[Saved data entries]

::::::

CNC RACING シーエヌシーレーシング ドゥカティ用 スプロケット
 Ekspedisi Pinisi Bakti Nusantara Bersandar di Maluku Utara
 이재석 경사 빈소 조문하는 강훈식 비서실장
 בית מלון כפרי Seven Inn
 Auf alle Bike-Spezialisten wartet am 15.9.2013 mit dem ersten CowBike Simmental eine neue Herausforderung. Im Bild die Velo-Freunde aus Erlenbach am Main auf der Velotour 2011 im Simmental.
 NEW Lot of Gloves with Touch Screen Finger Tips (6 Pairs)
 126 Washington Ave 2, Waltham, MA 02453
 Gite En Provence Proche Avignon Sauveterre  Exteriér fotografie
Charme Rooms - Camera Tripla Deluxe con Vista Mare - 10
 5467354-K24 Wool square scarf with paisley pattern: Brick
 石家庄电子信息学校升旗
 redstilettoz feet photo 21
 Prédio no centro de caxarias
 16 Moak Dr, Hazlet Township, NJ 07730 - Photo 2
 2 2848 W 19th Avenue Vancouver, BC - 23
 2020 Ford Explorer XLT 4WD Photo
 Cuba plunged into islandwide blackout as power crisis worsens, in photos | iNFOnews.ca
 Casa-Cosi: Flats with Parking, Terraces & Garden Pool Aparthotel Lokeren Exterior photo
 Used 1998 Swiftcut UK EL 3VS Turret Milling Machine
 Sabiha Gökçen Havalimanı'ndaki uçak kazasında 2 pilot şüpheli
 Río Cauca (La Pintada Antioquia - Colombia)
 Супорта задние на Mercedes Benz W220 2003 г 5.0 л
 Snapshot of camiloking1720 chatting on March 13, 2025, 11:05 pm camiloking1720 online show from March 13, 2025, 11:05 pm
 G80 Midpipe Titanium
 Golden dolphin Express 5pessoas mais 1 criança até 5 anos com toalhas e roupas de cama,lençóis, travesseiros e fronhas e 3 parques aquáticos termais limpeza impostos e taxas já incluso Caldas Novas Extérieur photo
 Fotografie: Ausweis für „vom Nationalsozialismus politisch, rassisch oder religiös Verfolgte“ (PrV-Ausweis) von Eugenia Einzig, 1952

::::::

Work instruction → Output all of the entries without altering a single word.

Exercise solution →
CNC RACING シーエヌシーレーシング ドゥカティ用 スプロケット
 Ekspedisi Pinisi Bakti Nusantara Bersandar di Maluku Utara
 이재석 경사 빈소 조문하는 강훈식 비서실장
 בית מלון כפרי Seven Inn
 Auf alle Bike-Spezialisten wartet am 15.9.2013 mit dem ersten CowBike Simmental eine neue Herausforderung. Im Bild die Velo-Freunde aus Erlenbach am Main auf der Velotour 2011 im Simmental.
 NEW Lot of Gloves with Touch Screen Finger Tips (6 Pairs)
 126 Washington Ave 2, Waltham, MA 02453
 Gite En Provence Proche Avignon Sauveterre  Exteriér fotografie
Charme Rooms - Camera Tripla Deluxe con Vista Mare - 10
 5467354-K24 Wool square scarf with paisley pattern: Brick
 石家庄电子信息学校升旗
 redstilettoz feet photo 21
 Prédio no centro de caxarias
 16 Moak Dr, Hazlet Township, NJ 07730 - Photo 2
 2 2848 W 19th Avenue Vancouver, BC - 23
 2020 Ford Explorer XLT 4WD Photo
 Cuba plunged into islandwide blackout as power crisis worsens, in photos | iNFOnews.ca
 Casa-Cosi: Flats with Parking, Terraces & Garden Pool Aparthotel Lokeren Exterior photo
 Used 1998 Swiftcut UK EL 3VS Turret Milling Machine
 Sabiha Gökçen Havalimanı'ndaki uçak kazasında 2 pilot şüpheli
 Río Cauca (La Pintada Antioquia - Colombia)
 Супорта задние на Mercedes Benz W220 2003 г 5.0 л
 Snapshot of camiloking1720 chatting on March 13, 2025, 11:05 pm camiloking1720 online show from March 13, 2025, 11:05 pm
 G80 Midpipe Titanium
 Golden dolphin Express 5pessoas mais 1 criança até 5 anos com toalhas e roupas de cama,lençóis, travesseiros e fronhas e 3 parques aquáticos termais limpeza impostos e taxas já incluso Caldas Novas Extérieur photo
 Fotografie: Ausweis für „vom Nationalsozialismus politisch, rassisch oder religiös Verfolgte“ (PrV-Ausweis) von Eugenia Einzig, 1952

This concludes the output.